It was the ASA’s governing body, its National Council, that first endorsed the boycott and called for a full membership referendum to back its decision.
In a bizarre anti-Semitic twist, the Post editorial emphasizes that NYU “is supported by many Jewish donors and attended by many Jewish students. It features buildings and programs with names like Steinhardt and Tisch. It makes its home in the US city that has the highest number of Jews.”

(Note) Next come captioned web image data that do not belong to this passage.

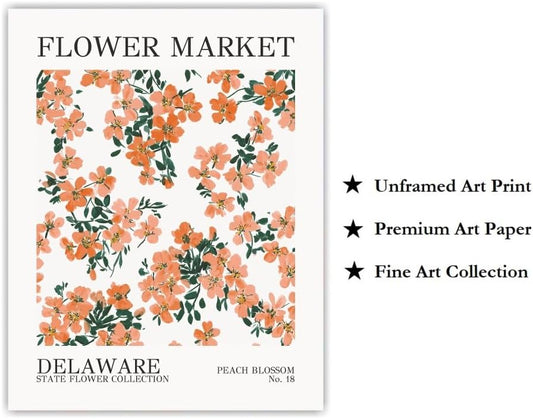 Bestbuddy Pet 8X10 Unframed Delaware Peach Blossom State Flower Market Art Print Poster Home Office Wall Decor FM8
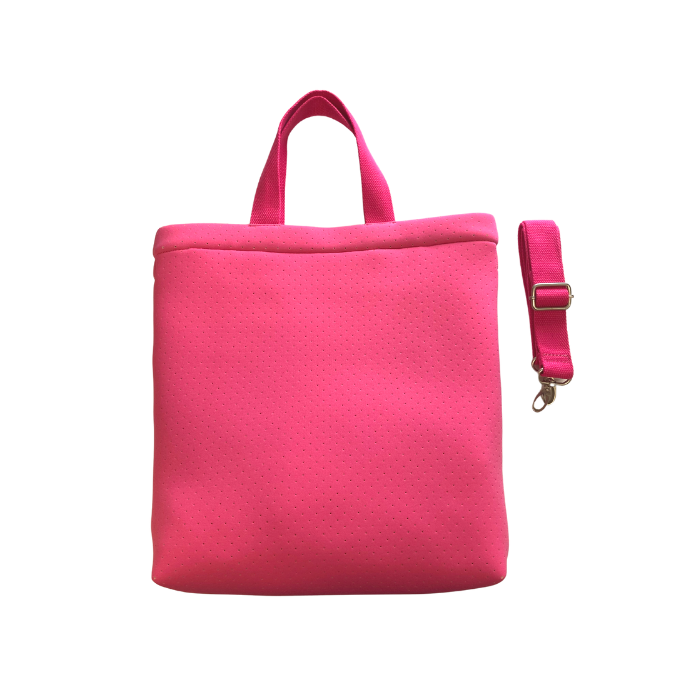 Pink Neoprene Town Bag with Heart Paracord Charm - Quilted Koala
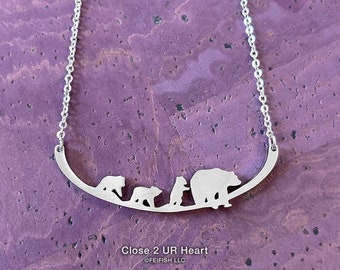 Mother Bear with Three Cubs Necklace by Close 2 UR Heart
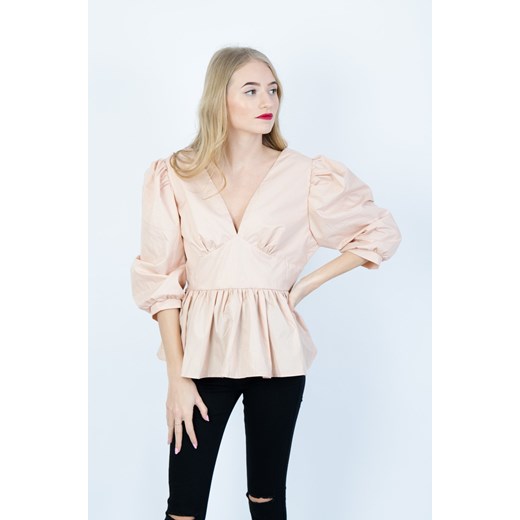 RÓŻOWA ELEGANCKA BLUZKA Z DEKOLTEM V Olika L/XL olika.com.pl
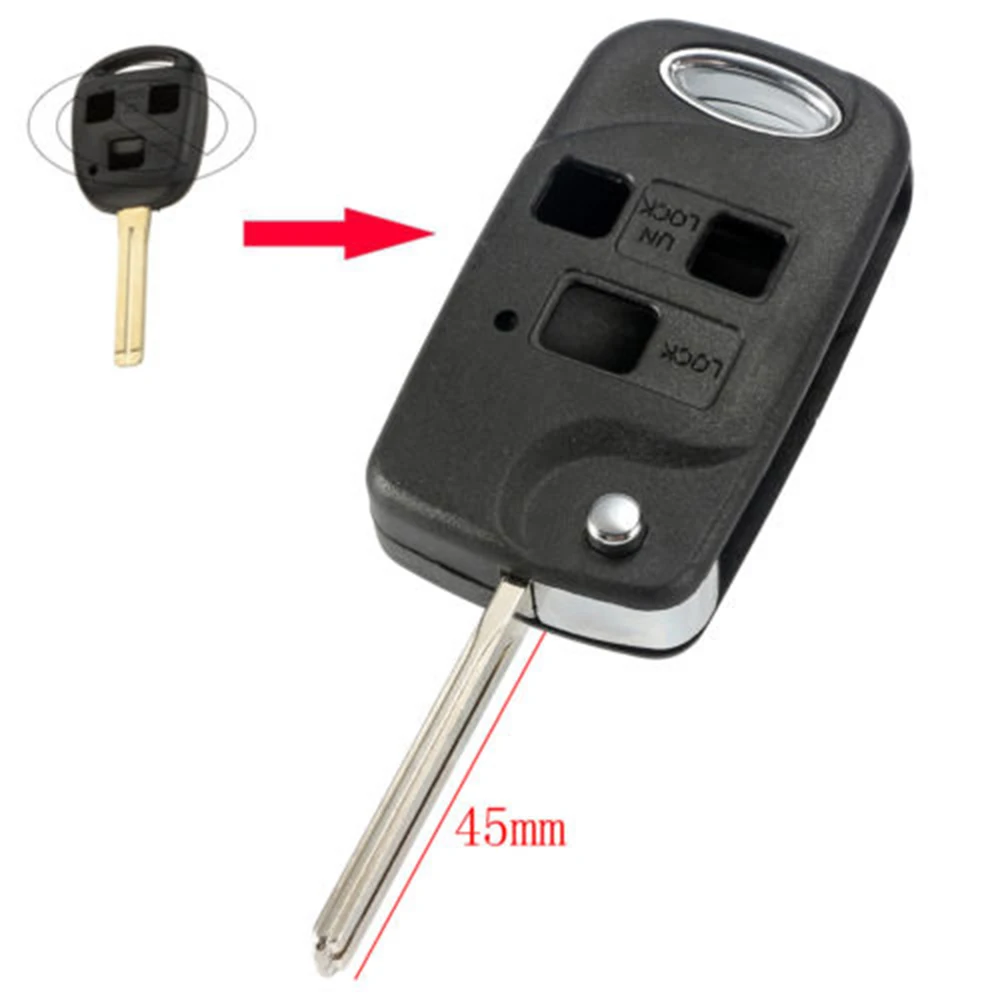 

Flip Folding Remote Key Fob Case Shell For Lexus IS200 GS300 LS400 RX300 Nice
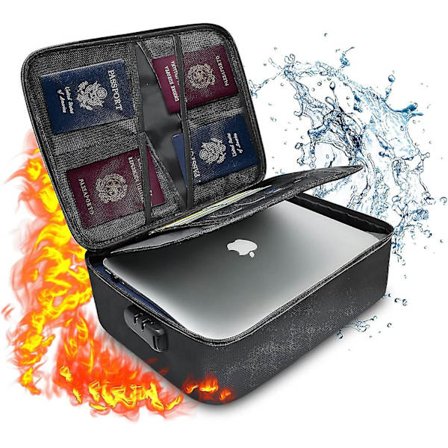 Brannsikker Dokumentorganisatorboks med Lås, Viktig Filorganisator Dokument Sikker Oppbevaringsveske, Bærbar Kontor Hjem Reise Dokumentveske for Pass,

It is unclear why any of that should be relevant unless one takes the bigoted position – as the Post appears to do – that all Jews are either implicated in or supportive of Israel’s occupation and other human rights abuses that motivated the ASA boycott.
Princeton resists
Princeton University president Christopher L. Eisgruber expressed his “dismay” at the ASA’s boycott decision and affirmed that “My personal support for scholarly engagement with Israel is enthusiastic and unequivocal,” in a statement sent to William Jacobson, a Cornell University law professor and pro-Israel blogger at the publication Legal Insurrection.
But, Eisgruber adds, “I do not intend to denounce the ASA, make it unwelcome on campus, or inhibit the ability of faculty members to affiliate with it. … engagement may be better than a boycott.”
Bullying and intimidation
In a 20 December press release emailed to The Electronic Intifada, the ASA Caucus on Academic and Community Activism states that “members of the American Studies Association are getting hate mail or threatening mail following the ASA membership vote in favor of a resolution calling for boycott of Israeli universities.”
The ASA Facebook page has been “subject to an avalanche of abusive postings” and “senior faculty have explicitly and implicitly intimidated junior faculty who support the boycott,” the release states.
“More generally within the academy, some are threatening to cut funds for faculty who want to attend the ASA in the future. We are also learning that individuals and groups outside the academy are threatening legal action against the ASA,” the press released adds.
Former Harvard University president Larry Summers has, for instance, called the ASA boycott “anti-Semitic in effect” and urged universities to deprive faculty of funds to participate in ASA meetings and activities.
Claire Potter, a professor at the New School University and long-time prominent critic of the ASA boycott, decided to vote for the boycott resolution in the end [after careful deliberation].(http://electronicintifada.net/blogs/benjamin-doherty/surprise-move-oppon…)
Since then, “I have been receiving nasty and threatening electronic messages from those supposedly defending Israel: swastikas and pictures of concentration camps arrive daily, as well as accusations that I am promoting another Holocaust,” Potter writes at her widely read Tenured Radical blog.
“Expressions of hate and intimidation, even if they come from isolated individuals, constitute part of a larger pattern of attack on anyone who criticizes Israel or Zionism. These disturbing messages can take the form of threats. As such, they should not be dismissed or discarded,” the Caucus on Academic and Community Activism says in its press release.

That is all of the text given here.